Pierwszym wykrywaczem min GAS, w którym spełniono wymagania Marynarki Wojennej, był GAS „Olen”. Jej główny projektant M. Sh. Shtremt (wcześniej twórca niezwykle udanego projektu GAS „Phoenix”) przeprowadził wiele badań eksperymentalnych w celu przetestowania na morzu faktycznie działających i skutecznych rozwiązań na początkowych etapach rozwoju. Stało się to kluczowym czynnikiem sukcesu. Następnie na bazie technicznej GAZ „Olen” powstał bardziej kompaktowy GAS do wykrywania min „Lan”, który stał się pierwszym masowym i skutecznym GAZem do wykrywania min dla trałowców.
W przypadku okrętów podwodnych pierwszym udanym wykrywaczem min był „Radian”, który okazał się również niezwykle udanym GAZem do „pojedynków” z okrętami podwodnymi wroga. Po raz pierwszy pokazał się w ten sposób jeszcze w 1968 roku, najprawdopodobniej na K-38 pod dowództwem przyszłego wiceadmirała E. D. Czernowa. Artykuł „Na czele podwodnej konfrontacji: hydroakustyka okrętów podwodnych. Od początku zimnej wojny do lat 70.” jest błąd w podpisie pod zdjęciem obudowy państwowej spółki akcyjnej „Rubin”. Główna antena „Rubina” była odwracalna (działała zarówno w wykrywaniu szumów, jak i w sonarze), a pod nią umieszczono dużą antenę GAZowego wykrywania min „Radian”.
Jednak te wysokie parametry i możliwości wymagały znacznych kosztów sprzętowych i zastosowania bardzo dużej anteny. Biorąc pod uwagę fakt, że większość tematów wykrywania min zakończyła się niepowodzeniem, wielu czołowych specjalistów opuściło Morfizpribor, a Radian dopiero zaczął pokazywać wyniki, menedżerowie ds. rozwoju Rubicon naciskali na klienta, aby wykluczył ścieżkę wykrywania min z SJSC.
Z sonarem okazało się inaczej.
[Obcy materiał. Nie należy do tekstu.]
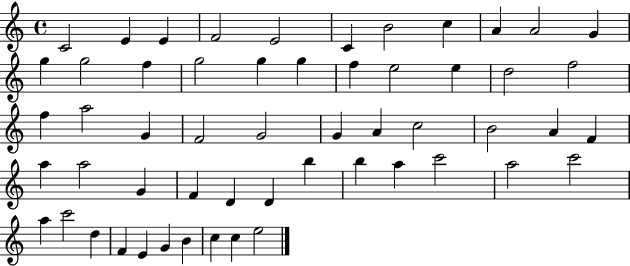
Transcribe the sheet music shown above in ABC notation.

X:1
T:Untitled
M:4/4
L:1/4
K:C
C2 E E F2 E2 C B2 c A A2 G g g2 f g2 g g f e2 e d2 f2 f a2 G F2 G2 G A c2 B2 A F a a2 G F D D b b a c'2 a2 c'2 a c'2 d F E G B c c e2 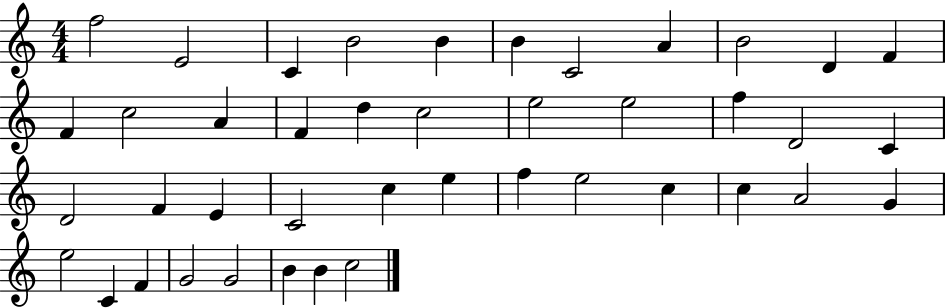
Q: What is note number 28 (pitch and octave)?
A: E5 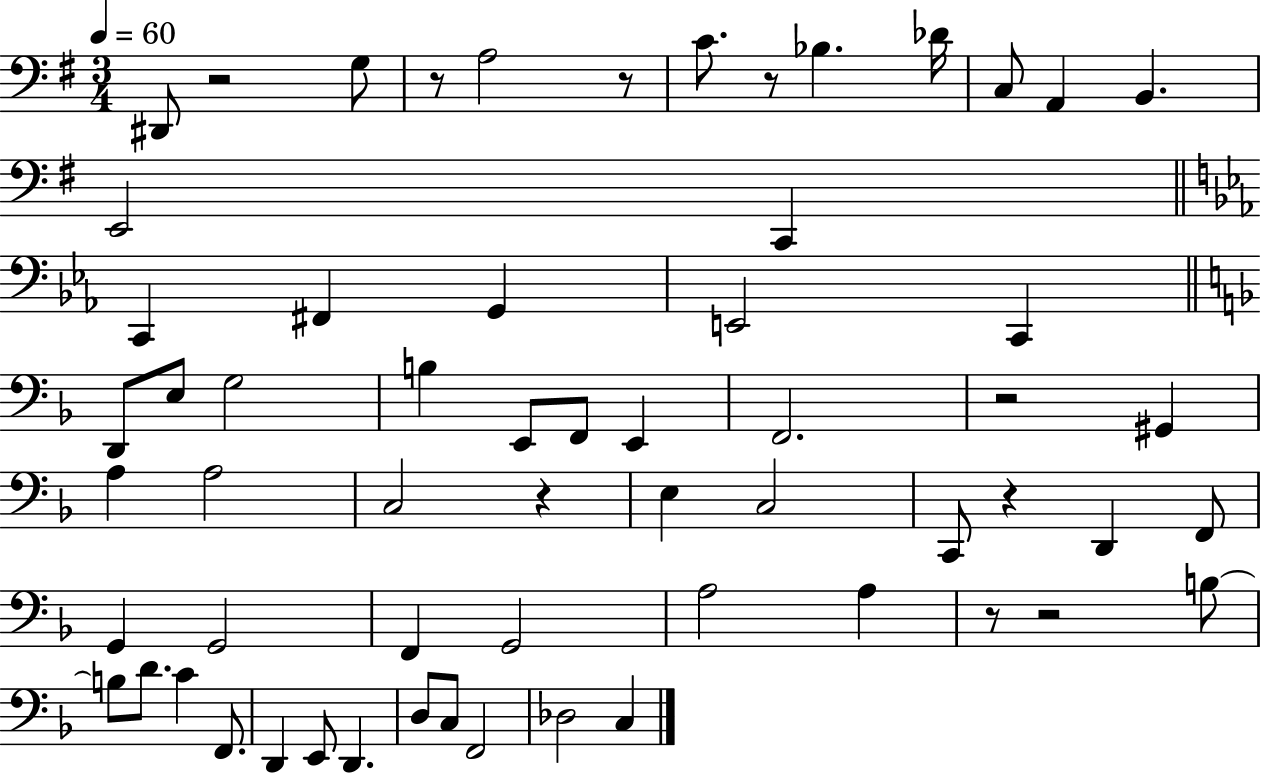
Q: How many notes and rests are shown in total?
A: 61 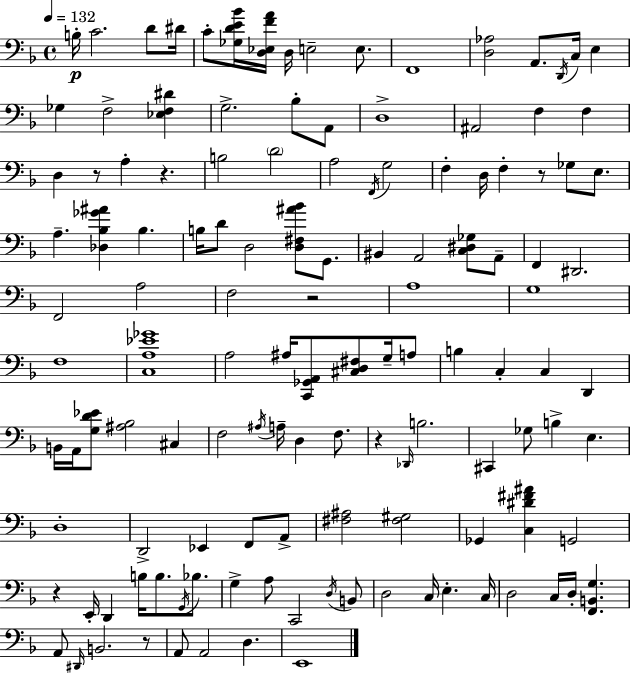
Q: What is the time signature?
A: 4/4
Marynarka wojenna domagała się zapewnienia na tym traktze dalekiego zasięgu (m.in. do celowania w broń rakietową). Shelekhov początkowo postawił pytanie wprost: pomysł nowego GAK można zrealizować tylko na stałych antenach. W związku z tym „Rubicon” otrzymał oddzielną antenę promieniującą o ścieżce „pomiaru odległości” (sonar) z jednym stacjonarnym wąskim (około 30 stopni ściśle wzdłuż nosa) wzorcem kierunkowym.
W przypadku rakietowych okrętów podwodnych projektu 670M tor ID uzupełniono o dwie pokładowe anteny promieniujące o bardzo wąskim wzorze wiązki wzdłuż trawersu, co okazało się praktycznie bezużyteczne.
Ścieżka kontroli szumów (SN) posiadała trzy identyczne kanały z trybami widoku kołowego (w jednym z trzech zakresów częstotliwości) lub automatycznego śledzenia celów (2 ASC są możliwe jednocześnie z zachowaniem widoku kołowego przez jeden kanał w jednym (wybrany) zakres częstotliwości.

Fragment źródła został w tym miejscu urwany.